The problem with taxi cabs is they are union based, and organization based.
Uber is attempting to avoid all of that.

Just think if your gov't job was based on an app and anyone out there who wanted to do the job without certification.

Uber is attempting  to bypass any regulation, etc in relation to a "company" and trying to differentiate "ride hailing" from a "taxi"; and thus trying to avoid any regulation (costs); unions, and general costs of having "employee drivers".


----------



## Overread (Nov 23, 2017)

vintagesnaps said:


> I thought Bitcoin was on its way out...



My understanding is its had a big revival and has even caused some graphics cards to have limited stocks as people build mining machines.

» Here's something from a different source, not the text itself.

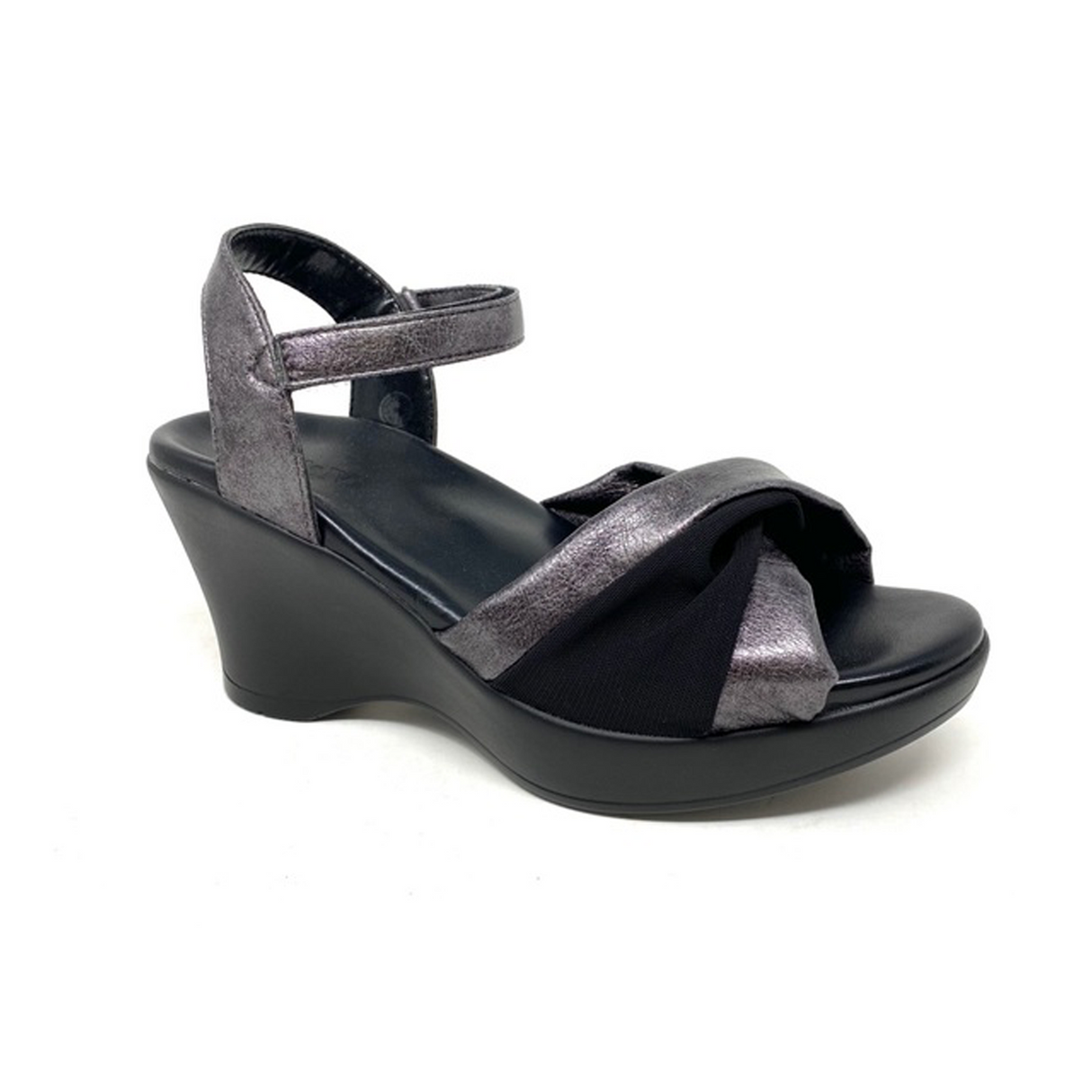 Akaishi Miwa Wedge Sandal (Women) - Silver Sandal - Heel/Wedge - The Heel Shoe Fitters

I think that its essentially the current "get rich quick and free" method being used and likely will until it either folds or gets regulated/legislated.


----------



## pendennis (Nov 23, 2017)

Most of these companies like Target, Uber, and Yahoo, have never taken security very seriously, because security is a very high cost of doing business.  I worked for 38 years for a top five corporation, and the money we spent on security would blow your mind.  At the time I retired, there were 6.5 million attempted outside hacks each month; none successful.  We hired people who spend all their at work time trying to break into our systems.  They even drive around our facilities trying to hack into wireless routers.  You also have to have people who get paid to do "what if" and "how could I" all day.

The most successful security requires both outward and inward facing web sites, and it requires that all data even of the most trite nature, be encoded to outside eyes.  Most folks think that the "HTTPS" prefix is enough to be safe, which is furthest from the truth.

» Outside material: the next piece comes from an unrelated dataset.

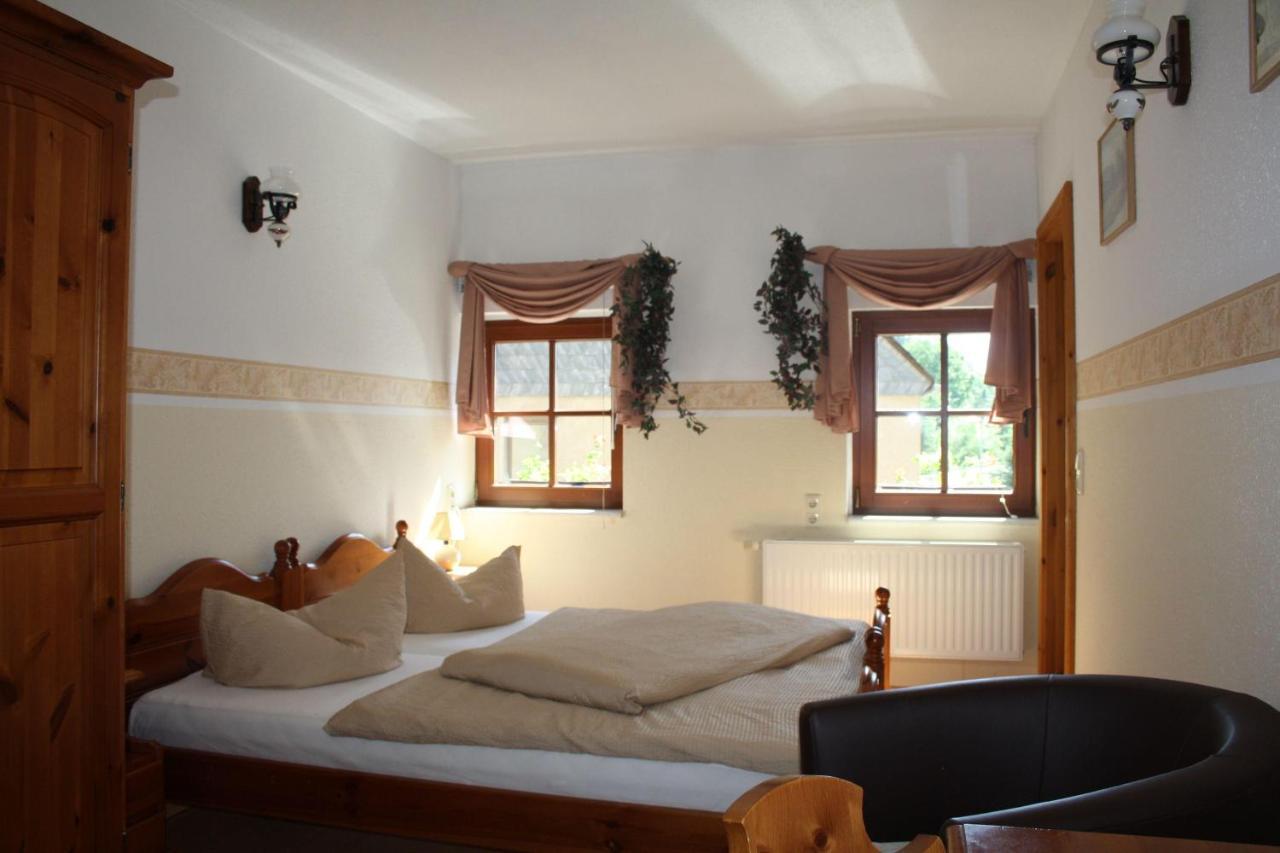 Doppelzimmer-In-Wiesa Thermalbad Wiesenbad Exterior photo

People don't really understand data encryption, anyway.  They have no concepts about the nature of encryption, how the codes are actually created, and just how systems of odd random numbers help in the process.  It is mind bending, but a lot of companies ignore the need.

It literally takes someone with a thief's mindset to help systems become secure.  The CEO's of these companies just don't understand.  They're too focused on marketing and sales.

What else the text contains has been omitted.